WHAT IS NEEDED: Your answer should be an exact copy of the lines from the one containing "Damier Graphite Pegase 45" through the last line of the records below, without any pictures.

[[ PROVIDED RECORDS, beginning ]]

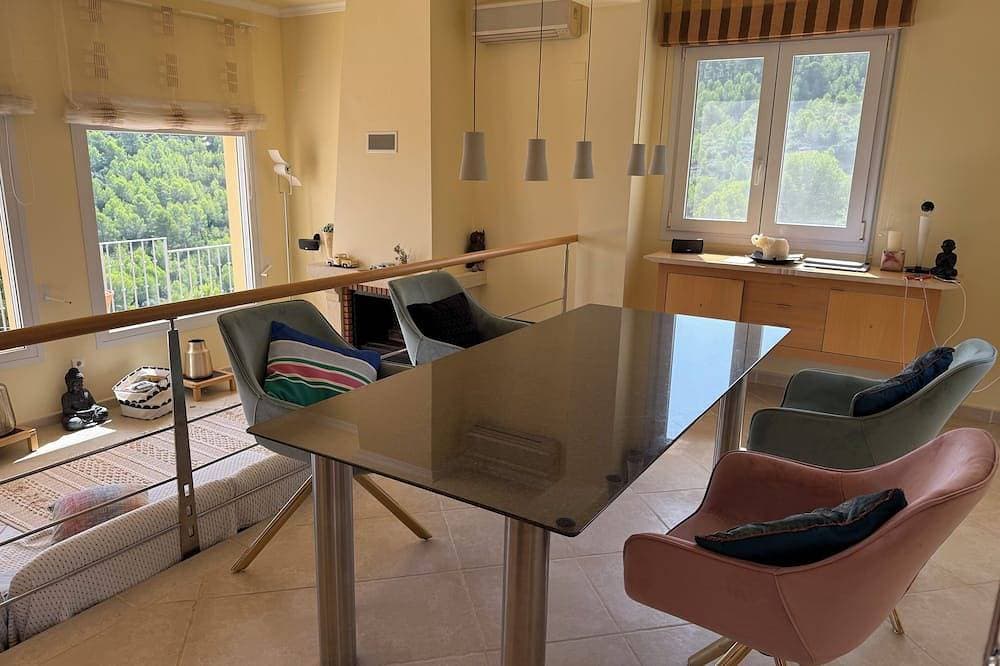 Foto 6 von 9: Villa El Trullent: Komfort mit traumhafter Aussicht&privatem Pool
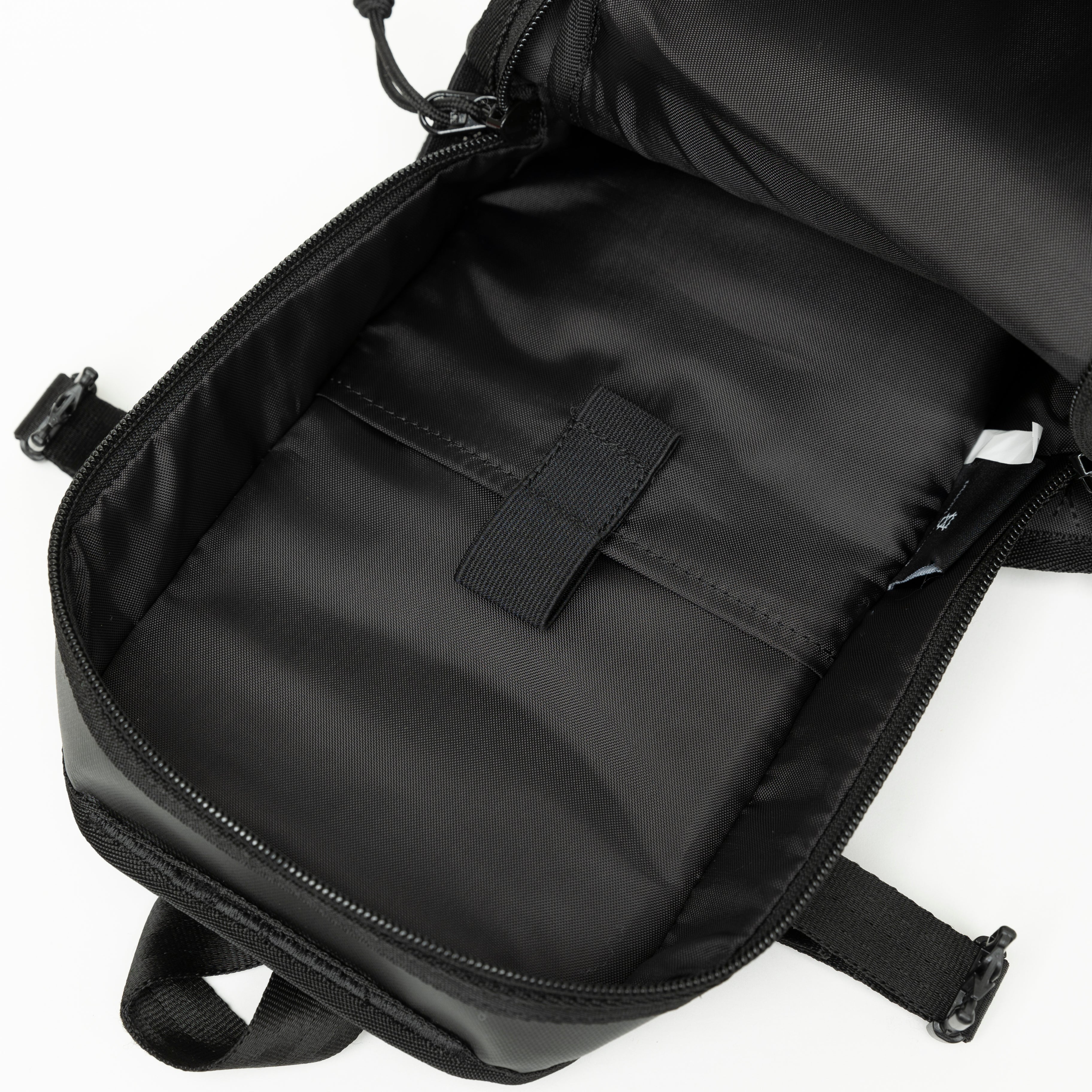 New Era Sling Body Bag 12L TPU Black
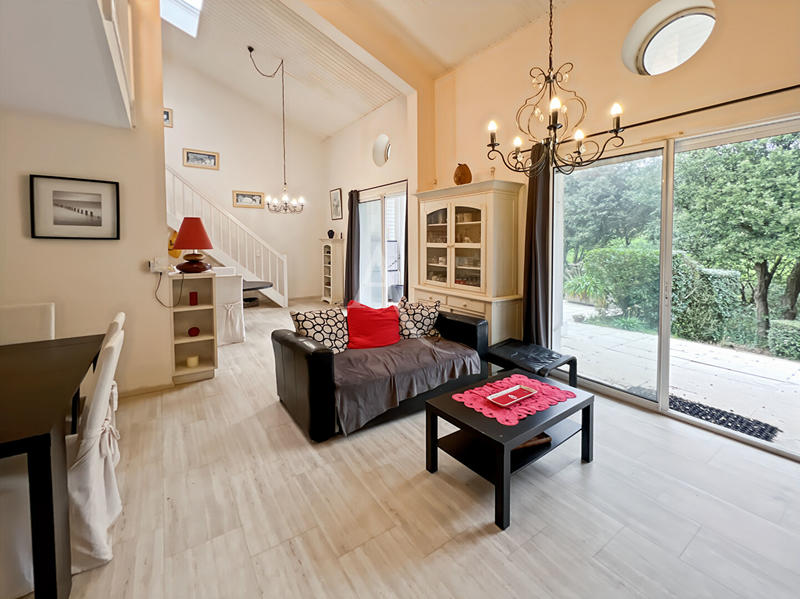 Appartement - 134 m² - 6 pièces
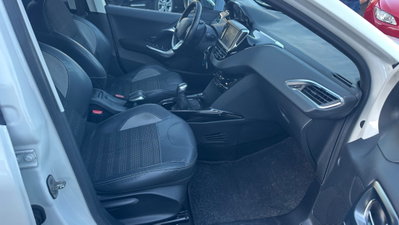 Peugeot 2008 e-HDi 92 CV Stop&Start Allure (9)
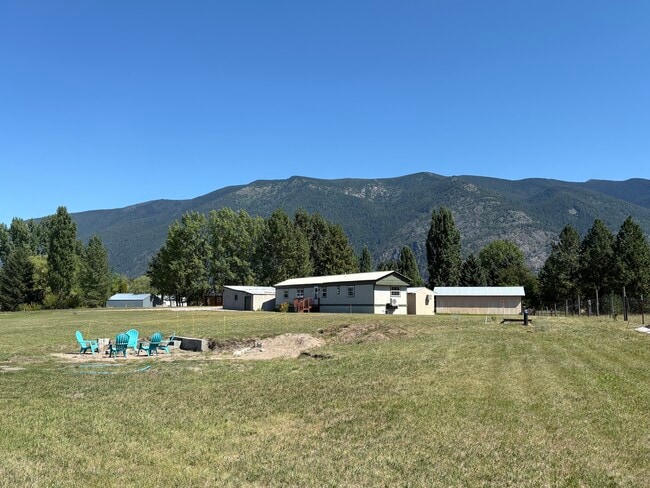 Building Photo - 110 Stardust Trl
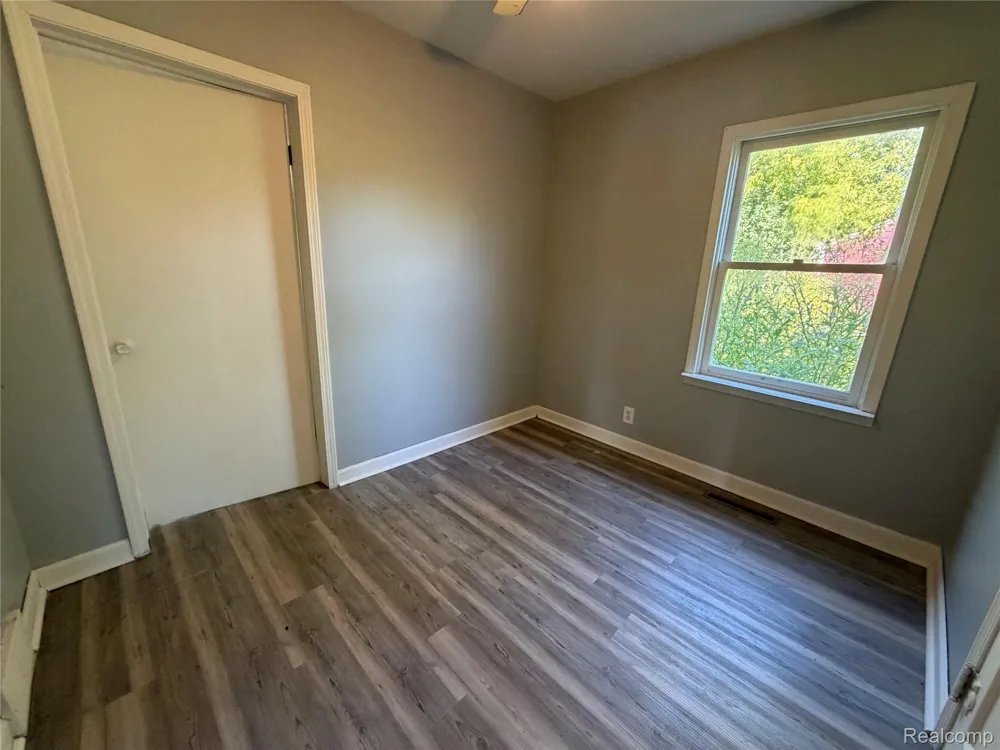 3320 Leith Street Flint City, MI 48506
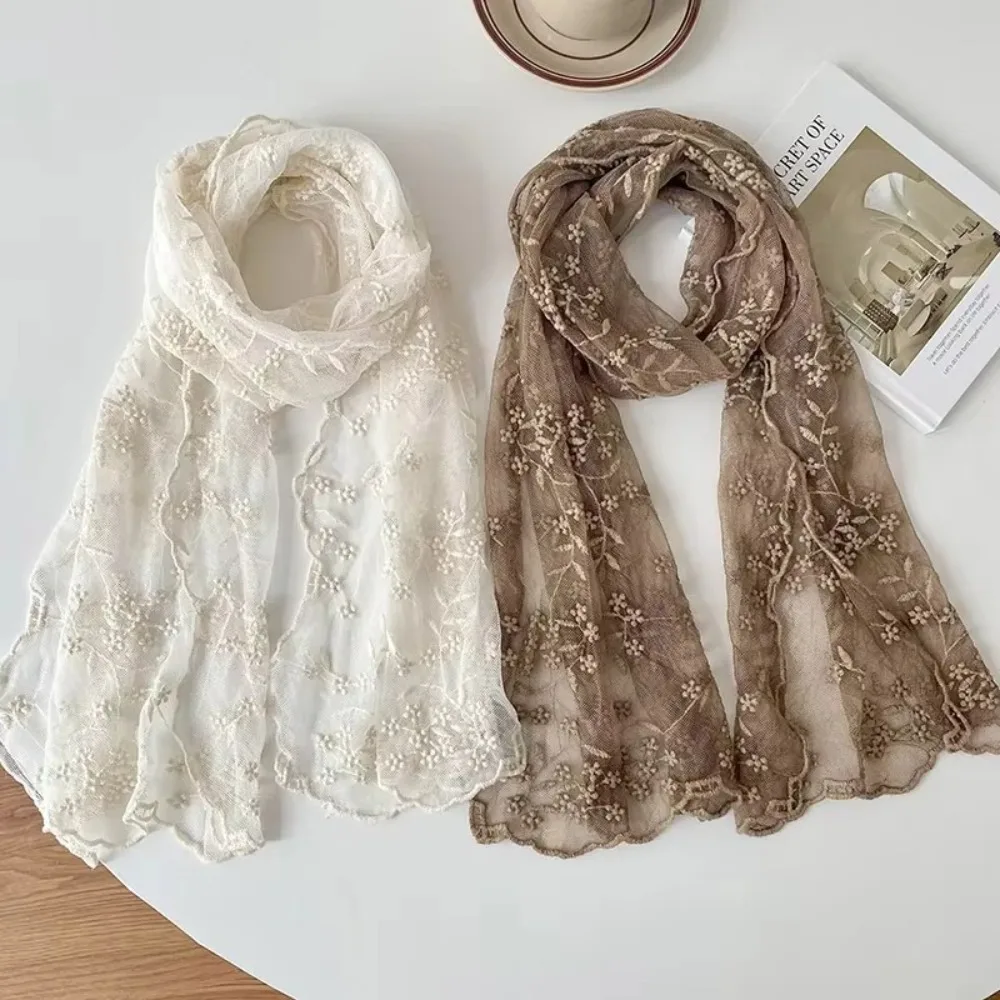 Versatile Retro Women's Lace Scarf Long Embroidered Flower Sunscreen Lace Shawl Korean Version of Literary Female Headscarf
Versatile Retro Women's Lace Scarf Long Embroidered Flower Sunscreen Lace Shawl Korean Version of Literary Female Headscarf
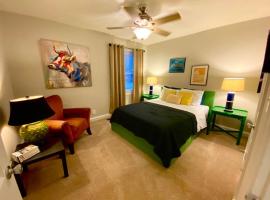 Charming Condo Near Downtown, NCSU and PNC Arena, căn hộ chung cư cao cấp ở Raleigh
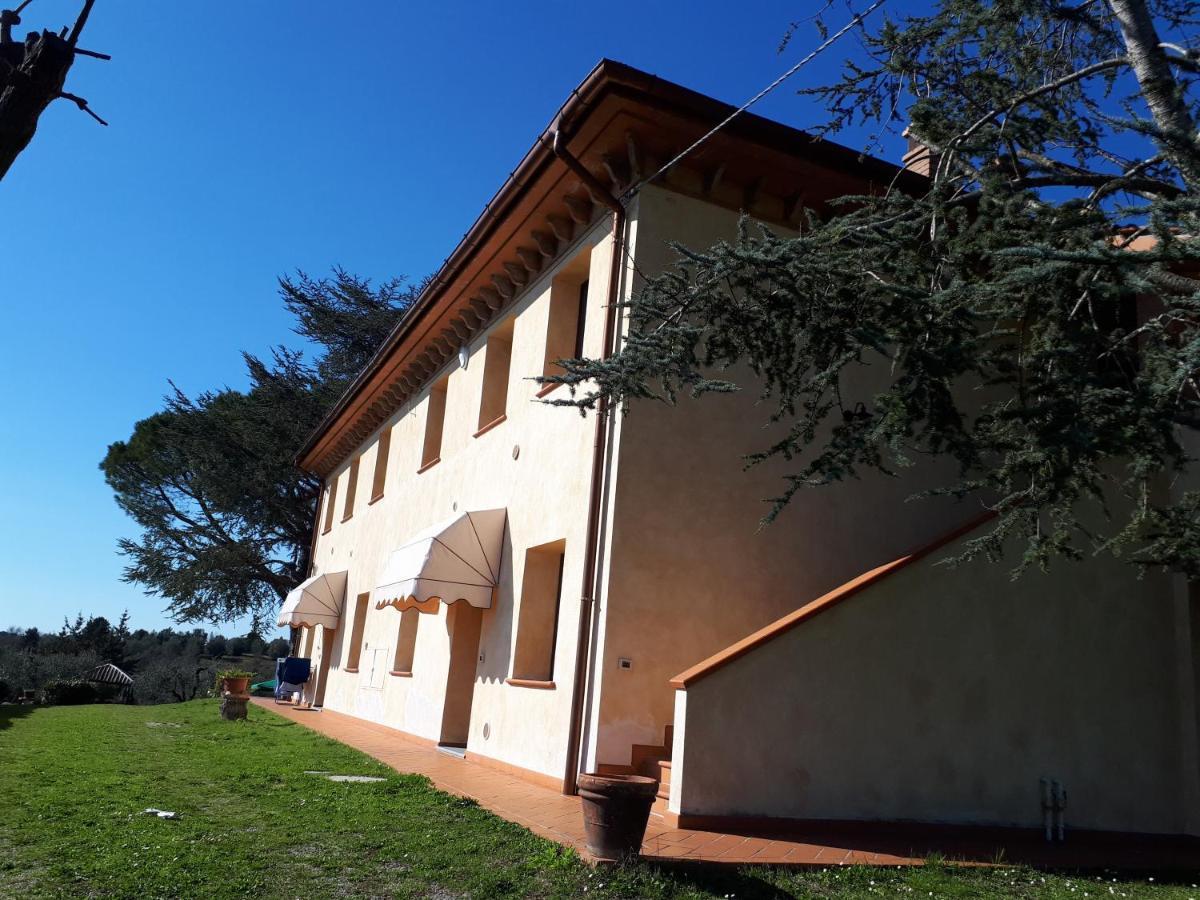 パラーイア Agriturismo Montemariヴィラ エクステリア 写真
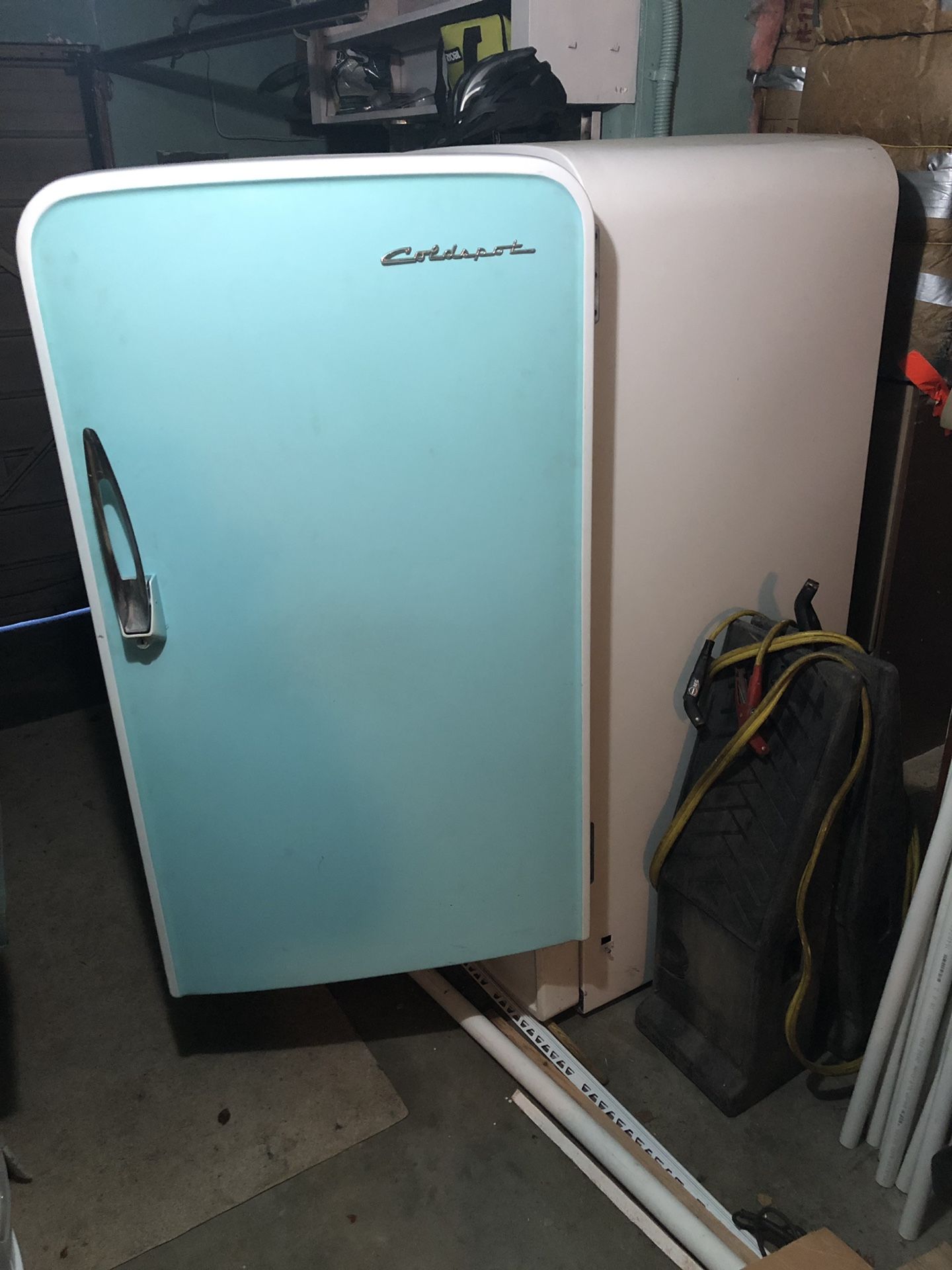 Vintage 1940’s retro fridge **Perfect kegerator!** for Sale in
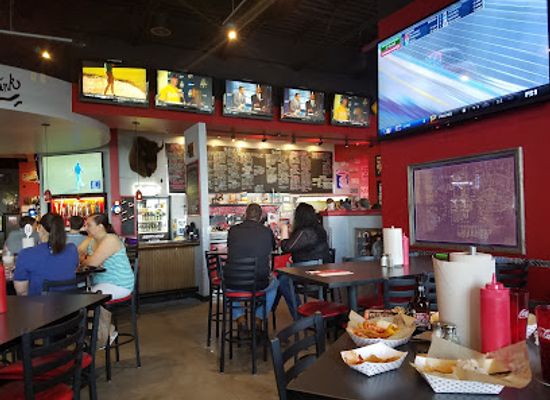 arkansas/fayetteville/restaurant/smitty-s-garage-burgers-beer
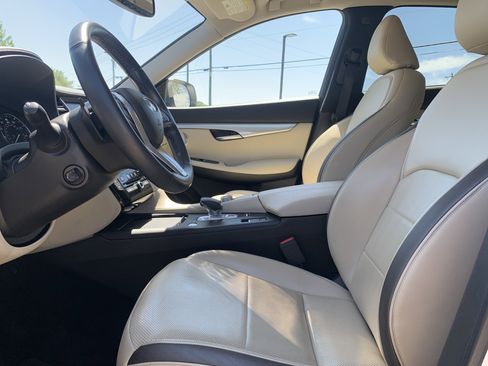 Used 2022 INFINITI QX50 Sensory w/ Cargo Package image 16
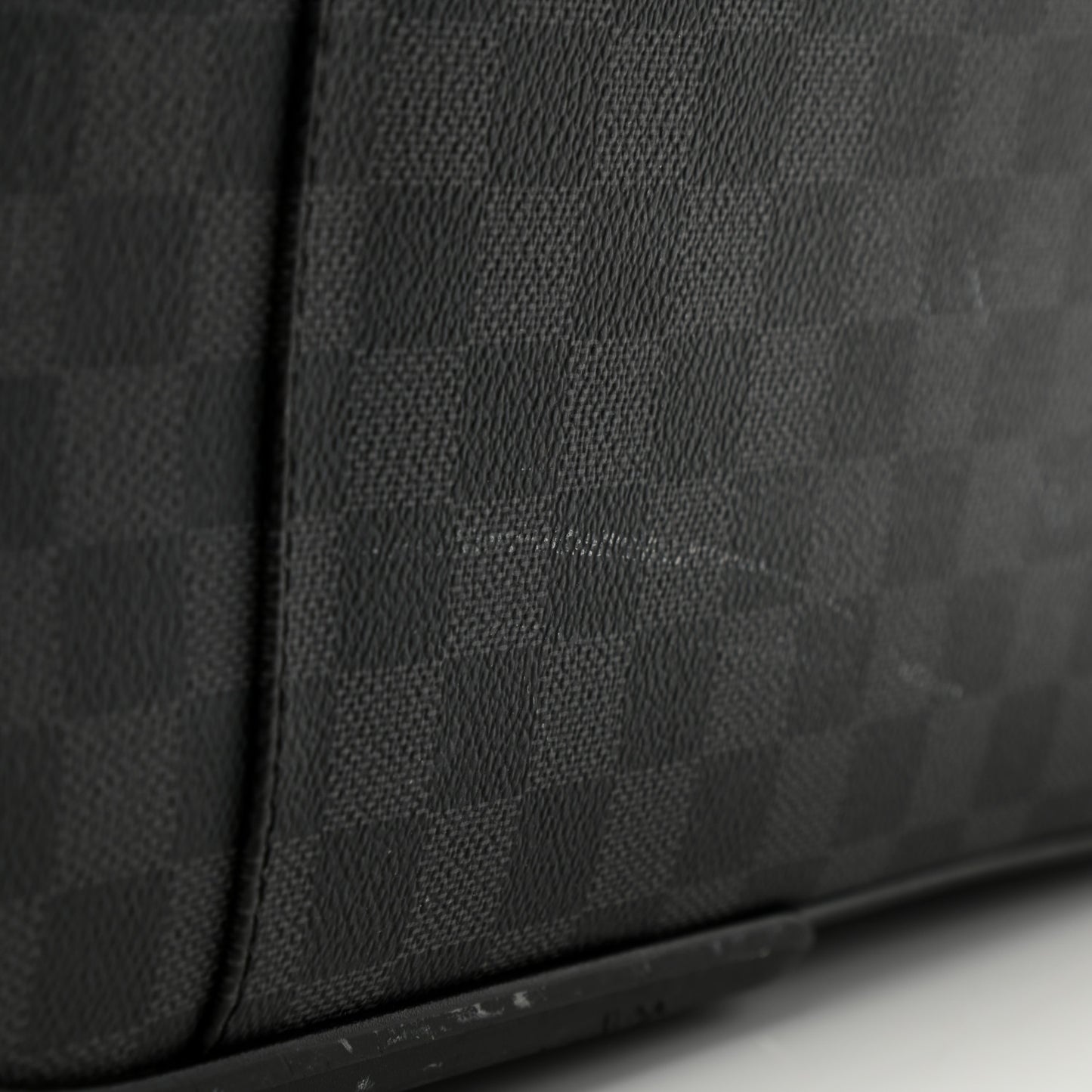Damier Graphite Pegase 45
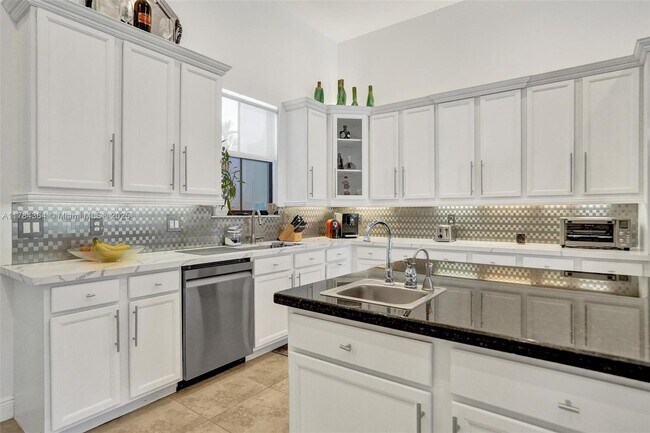 4455 Parkside Rd in Davie, FL - Building Photo - Building Photo
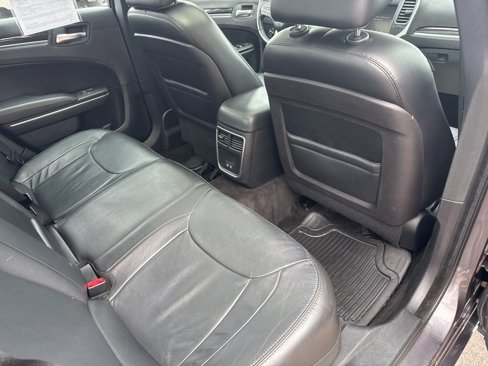 Used 2015 Chrysler 300 Limited image 24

[[ PROVIDED RECORDS, end ]]

ANSWER BOX:
Damier Graphite Pegase 45
 4455 Parkside Rd in Davie, FL - Building Photo - Building Photo
 Used 2015 Chrysler 300 Limited image 24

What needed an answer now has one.